Beginning at the line that contains "轻奢小众设计感高级珍珠碎银子大耳圈耳环2023年新款耳钉耳饰女", output each line exactly through the end of the records, and drop any pictures.

(Extracted records)
:::::

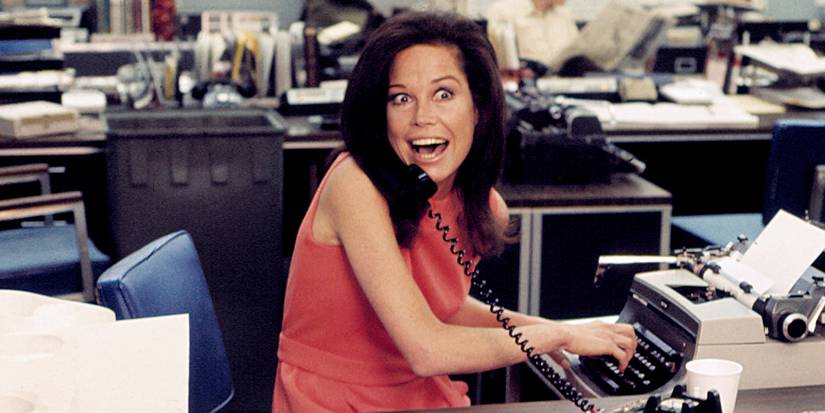 Mary Tyler Moore in The Mary Tyler Moore Show on CBS making a wacky face.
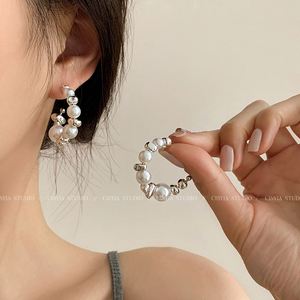 轻奢小众设计感高级珍珠碎银子大耳圈耳环2023年新款耳钉耳饰女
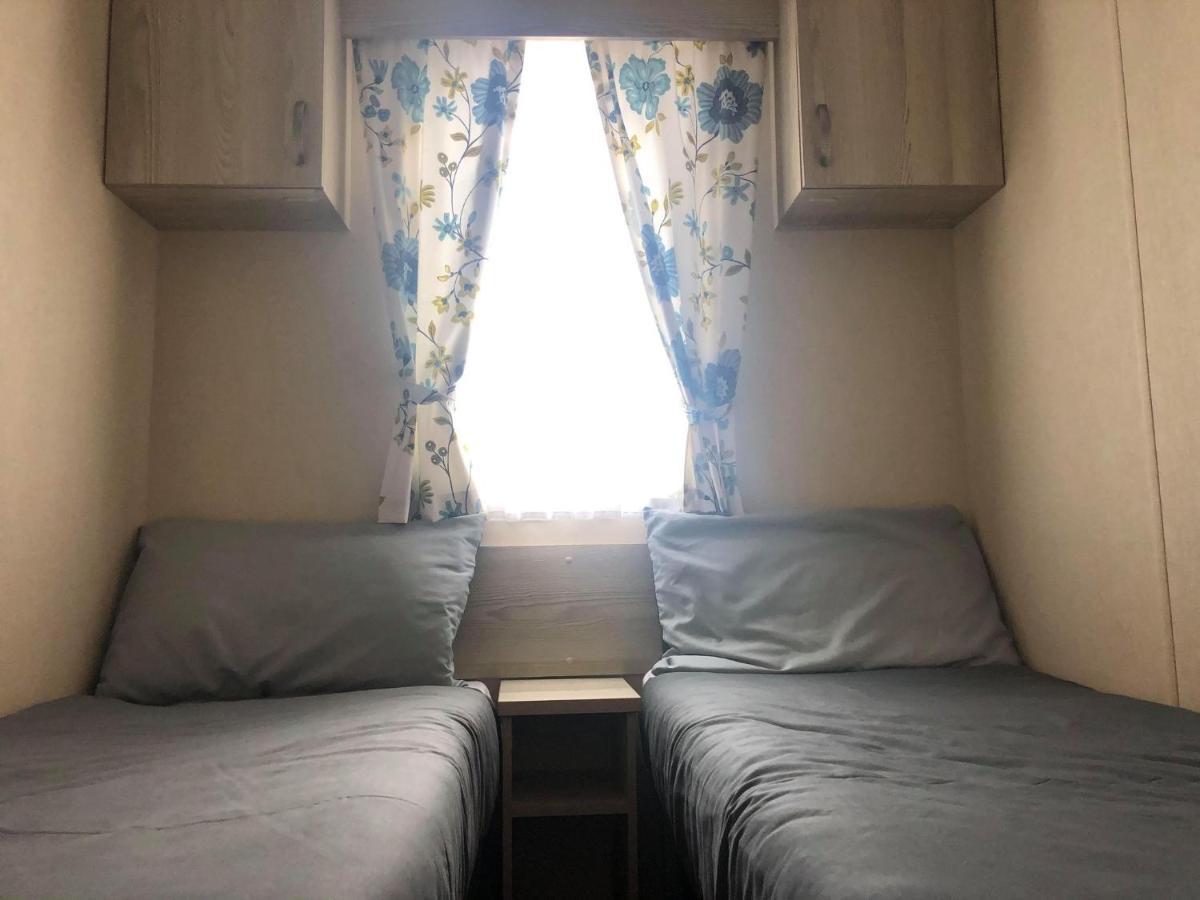 Spruce Deluxe Holiday Home Mablethorpe Extérieur photo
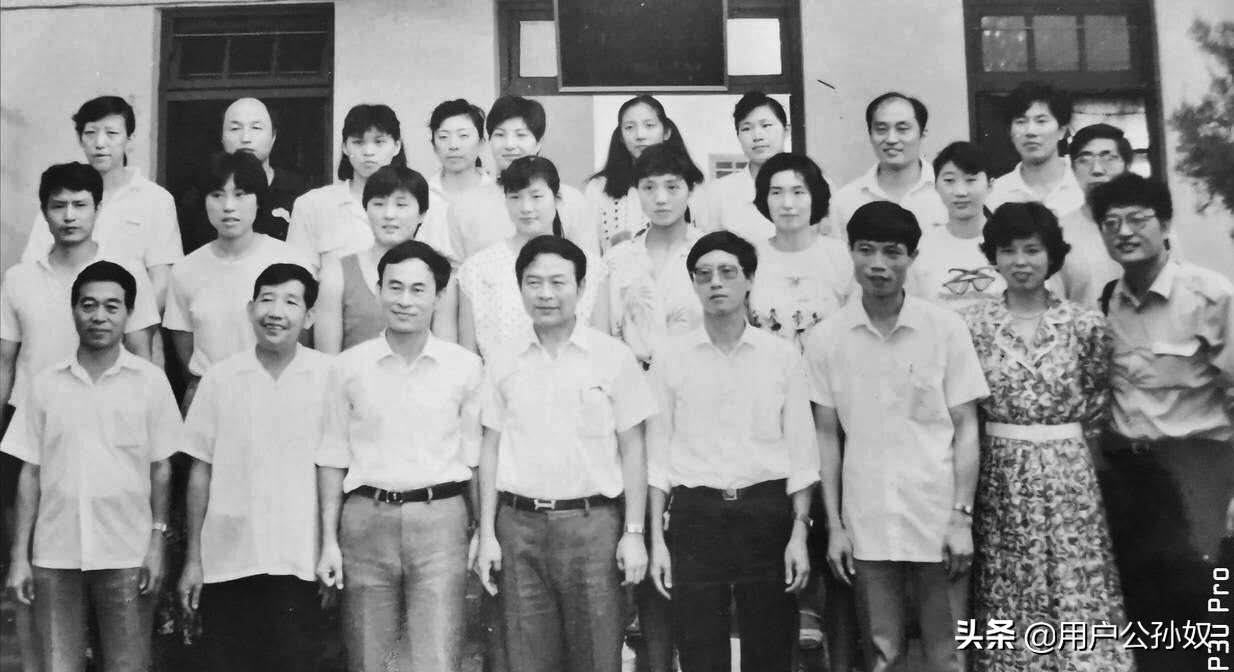 1988年奥运会中国女排名单(中国女排第六任队长苏惠娟，历经各色教鞭，最感谢她的是李耀先)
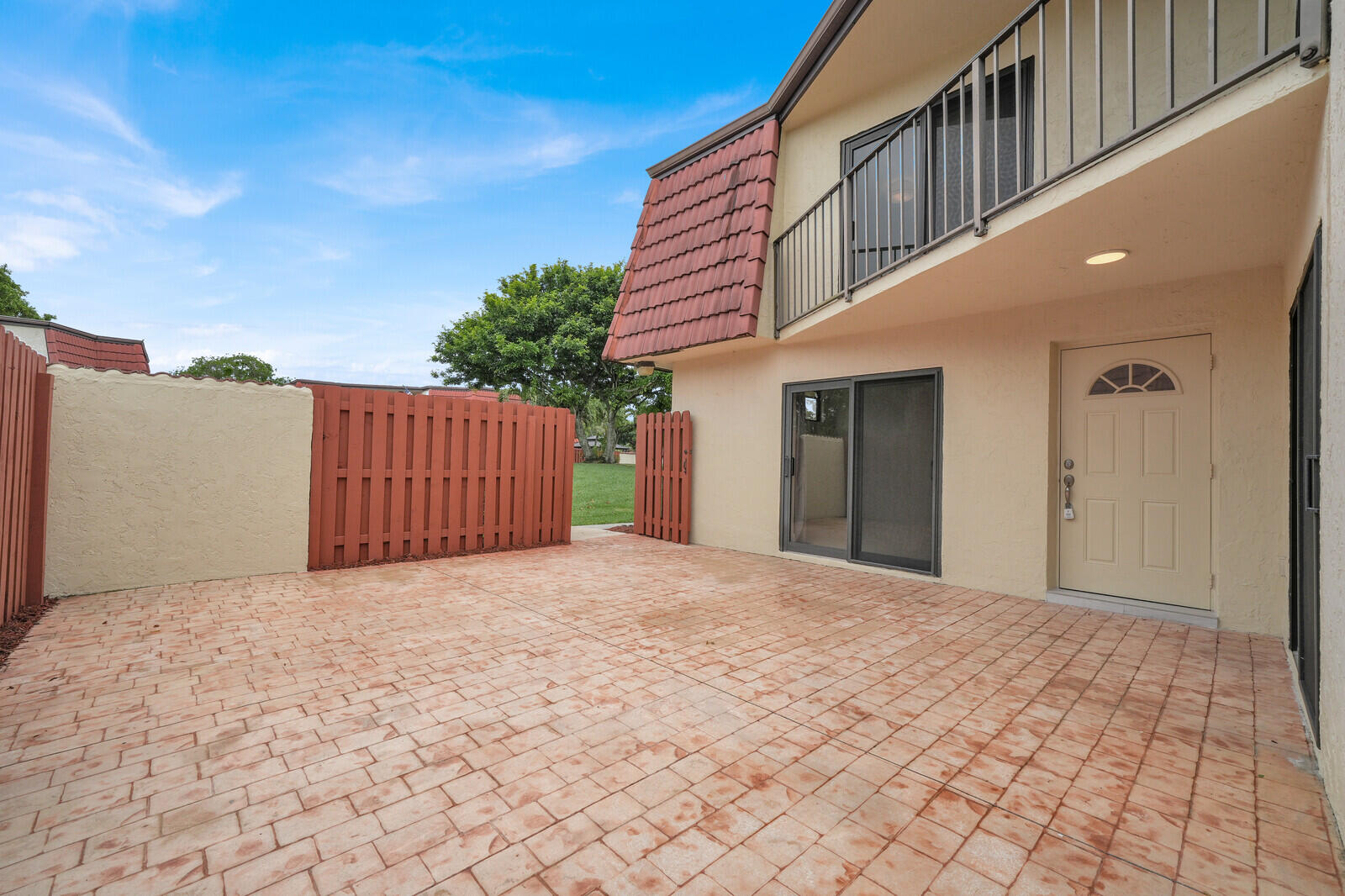 3878 Victoria Drive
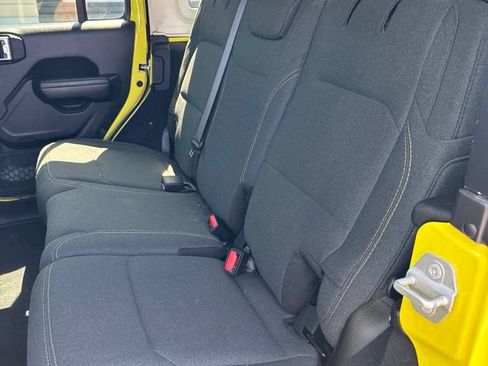 Used 2024 Jeep Wrangler Unlimited Sport AWD/4WD image 8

:::::

WRITTEN RESPONSE:
 轻奢小众设计感高级珍珠碎银子大耳圈耳环2023年新款耳钉耳饰女
 Spruce Deluxe Holiday Home Mablethorpe Extérieur photo
 1988年奥运会中国女排名单(中国女排第六任队长苏惠娟，历经各色教鞭，最感谢她的是李耀先)
 3878 Victoria Drive
 Used 2024 Jeep Wrangler Unlimited Sport AWD/4WD image 8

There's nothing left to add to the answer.